**EXERCISE REQUIREMENTS:**
When you reach the line with "Seç Market kataloğu, Bağlar" in the data below, begin printing lines exactly, and stop once the line with "Merry Mill Child Center Inc" has been printed.

**RECORD EXCERPTS:**
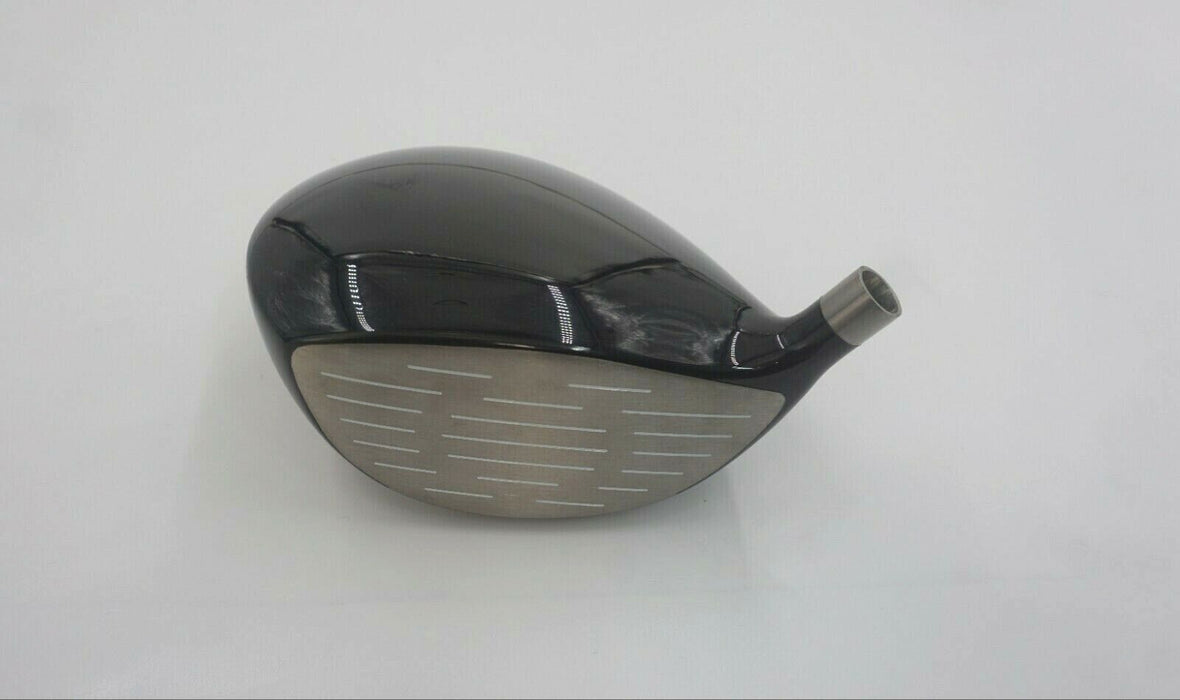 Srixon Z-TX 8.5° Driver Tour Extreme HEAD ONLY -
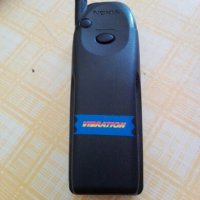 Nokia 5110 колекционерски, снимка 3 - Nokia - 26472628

...

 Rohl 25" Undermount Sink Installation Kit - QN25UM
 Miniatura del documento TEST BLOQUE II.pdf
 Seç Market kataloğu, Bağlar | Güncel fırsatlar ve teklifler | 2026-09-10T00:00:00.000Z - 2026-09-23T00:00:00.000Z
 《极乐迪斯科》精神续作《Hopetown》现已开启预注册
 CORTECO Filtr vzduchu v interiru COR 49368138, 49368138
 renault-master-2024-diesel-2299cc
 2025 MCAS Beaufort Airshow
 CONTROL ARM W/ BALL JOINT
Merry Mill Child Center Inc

--

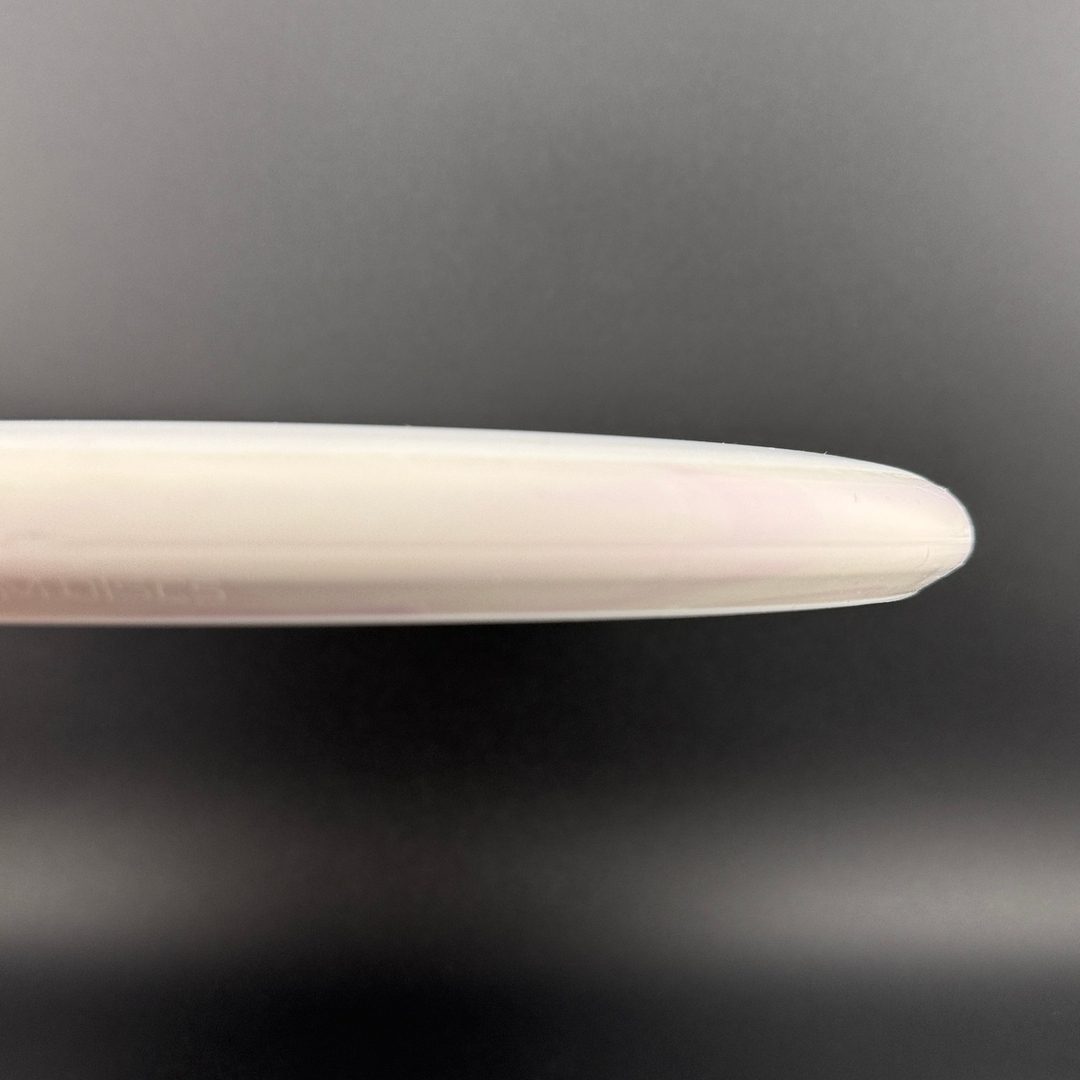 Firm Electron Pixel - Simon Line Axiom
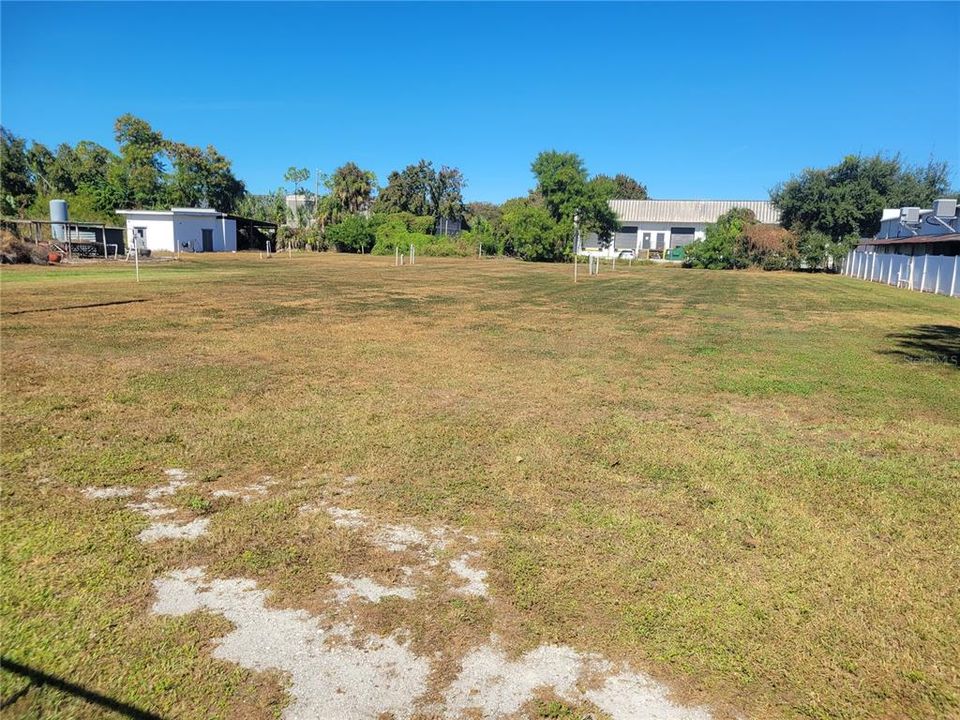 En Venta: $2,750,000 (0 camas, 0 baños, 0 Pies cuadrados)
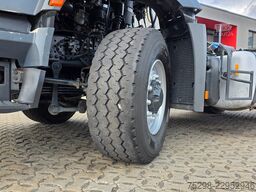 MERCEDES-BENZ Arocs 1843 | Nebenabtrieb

**SOLVED PROBLEM:**
 Seç Market kataloğu, Bağlar | Güncel fırsatlar ve teklifler | 2026-09-10T00:00:00.000Z - 2026-09-23T00:00:00.000Z
 《极乐迪斯科》精神续作《Hopetown》现已开启预注册
 CORTECO Filtr vzduchu v interiru COR 49368138, 49368138
 renault-master-2024-diesel-2299cc
 2025 MCAS Beaufort Airshow
 CONTROL ARM W/ BALL JOINT
Merry Mill Child Center Inc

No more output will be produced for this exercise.